GitHub - chrismoos/m6502: A cycle-accurate 6502 CPU core for FPGAs and ASICs, including peripherals

4 min read Original article ↗

A compact MOS 6502 CPU implementation in SystemVerilog, designed for FPGA and ASIC deployment with a focus on minimal gate count.

Overview

m6502 is a cycle-accurate 6502 CPU core that can be used standalone or integrated into larger systems. The core is optimized for resource-constrained environments, making it suitable for small FPGAs like the Lattice iCE40 (Fomu) and projects with limited I/O like Tiny Tapeout.

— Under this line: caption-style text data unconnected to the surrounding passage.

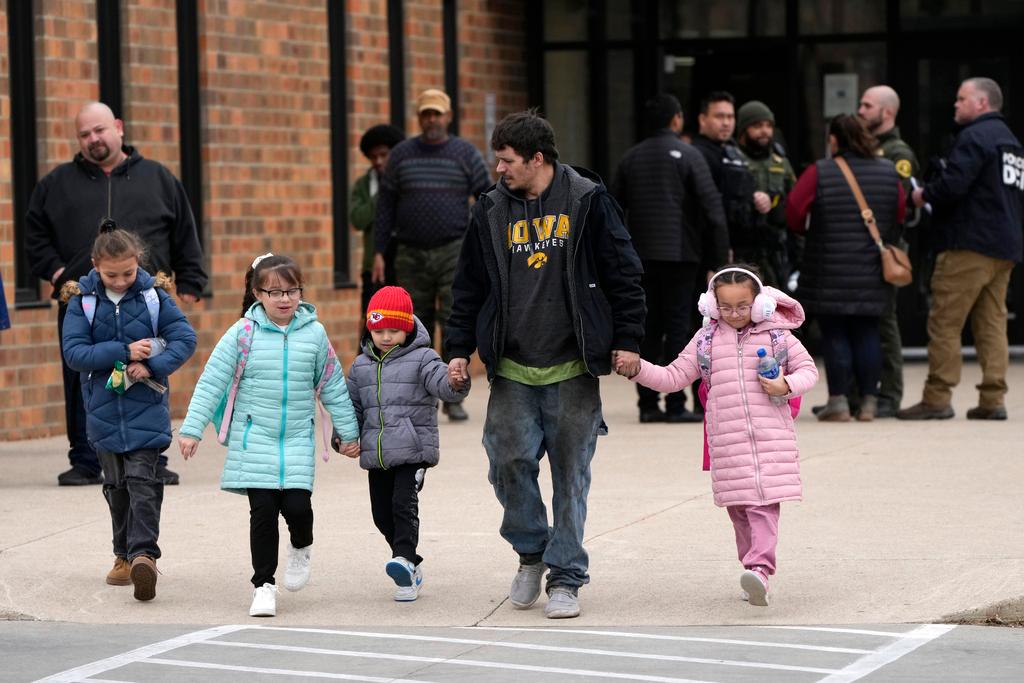 Dad and children leave the McCreary Community Building after being reunited following a shooting at Perry High School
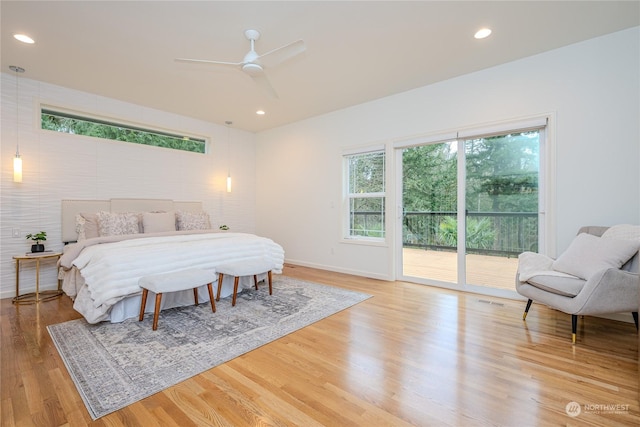 bedroom with ceiling fan, light hardwood / wood-style flooring, access to outside, and multiple windows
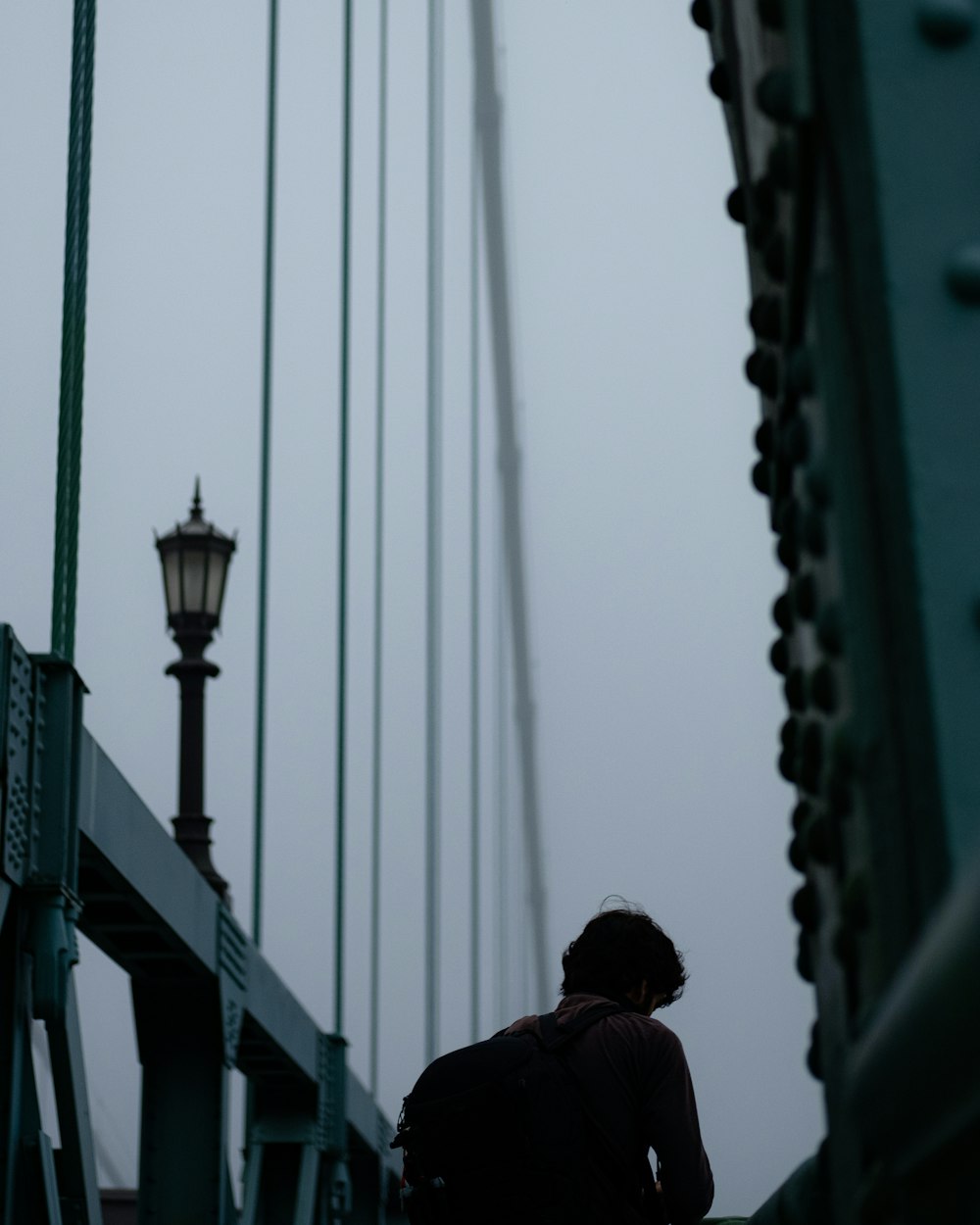 man in black jacket standing on bridge during daytime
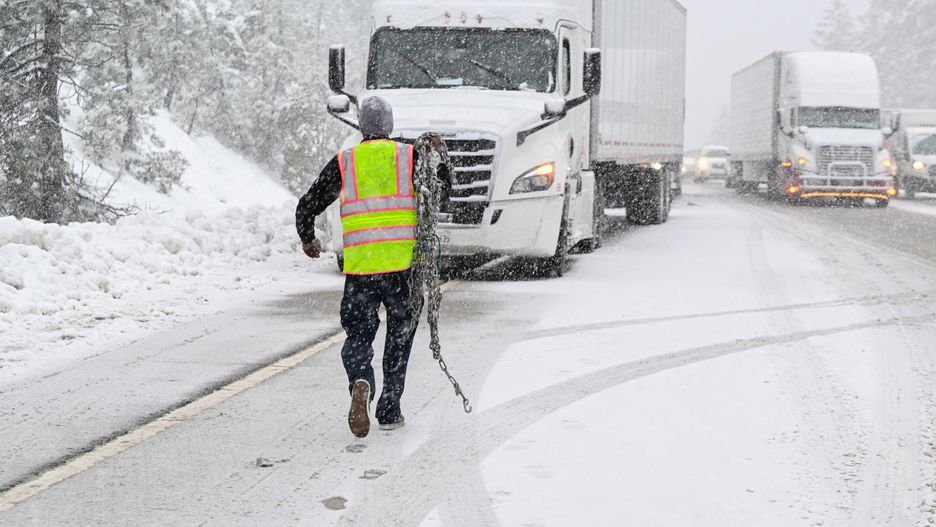 CALIFORNIA, USA - DECEMBER 13: A truck driver installs chains on his truck as a massive traffic on eastbound of Highway 80 during heavy snow in town of Camptonville near Truckee, California, United States on December 13, 2024. (Photo by Tayfun Coskun/Anadolu via Getty Images)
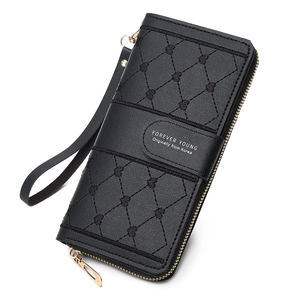 Detail of black leather long wallet with diamond quilted pattern and wrist strap closure
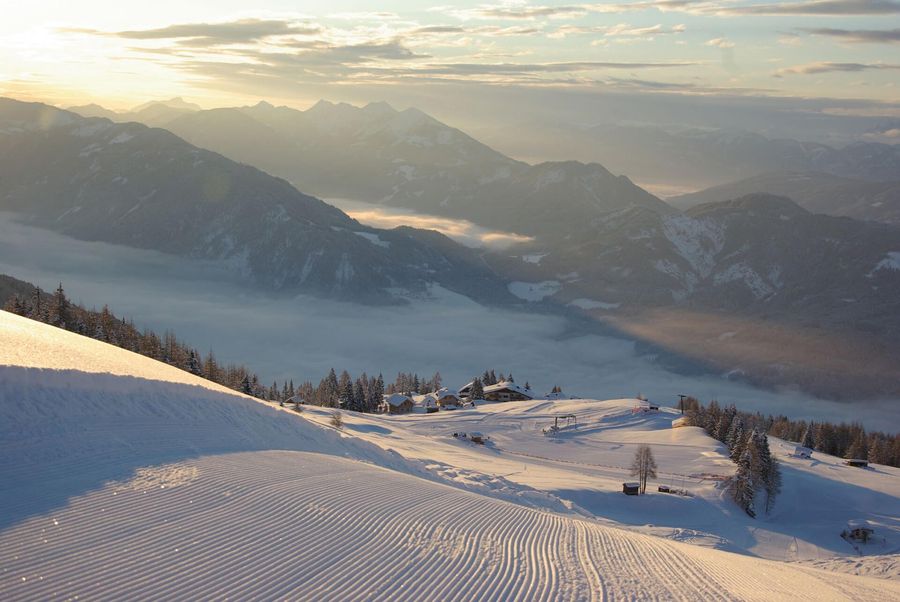 Schneebedeckte Berge erheben sich über einem nebelverhangenen Tal, das in goldenes Licht getaucht ist, und Skiloipen schlängeln sich durch die heitere Winterlandschaft.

An optional MCU wrapper is provided as a practical way to experiment with the core, offering peripheral integration (GPIO, SK6812 LED controller) and simplified memory interfacing. However, the CPU core itself is fully standalone and can be integrated into any design.

Key Features

CPU Core

  • Cycle-accurate 6502 implementation - Full NMOS 6502 instruction set with all addressing modes
  • Microcode-driven architecture - Vertical microcode for minimal gate count (~950 LUTs)
  • Standalone usage - Standard 6502 bus interface for integration into any design
  • Flexible memory support - Works with block RAM, external memory, or custom memory controllers

Optional MCU Wrapper

  • Peripheral integration - GPIO and SK6812 RGBW LED controller for experimentation
  • Bus multiplexing - Reduces pin count for I/O-constrained platforms
  • FPGA-proven targets - Working implementations for Fomu (iCE40) and ULX3S (ECP5)

Architecture

CPU Core

The CPU core is a fully synthesizable implementation of the MOS 6502 processor. Key architectural decisions:

  • Microcode-based execution: Instructions are broken down into microinstructions executed by a state machine, allowing for precise cycle timing and reduced logic complexity
  • Vertical microcode organization: Compact microcode format optimized for internal ROM rather than external lookup tables
  • Single-cycle ALU: Dedicated arithmetic logic unit with support for binary and BCD modes
  • Standard 6502 bus interface: 16-bit address bus, 8-bit data bus, read/write control signals

MCU Module

The MCU wrapper provides a complete microcontroller platform:

  • Integrates the CPU core with peripheral controllers
  • Memory-mapped I/O at standard base addresses
  • Clock domain management for CPU and peripherals
  • Internal bus multiplexing to route data between CPU, peripherals, and external memory

Memory Options

The design supports two primary memory configurations:

  1. Block RAM (BRAM): Internal FPGA memory for program and data storage. Ideal for standalone applications where the entire program fits in on-chip RAM.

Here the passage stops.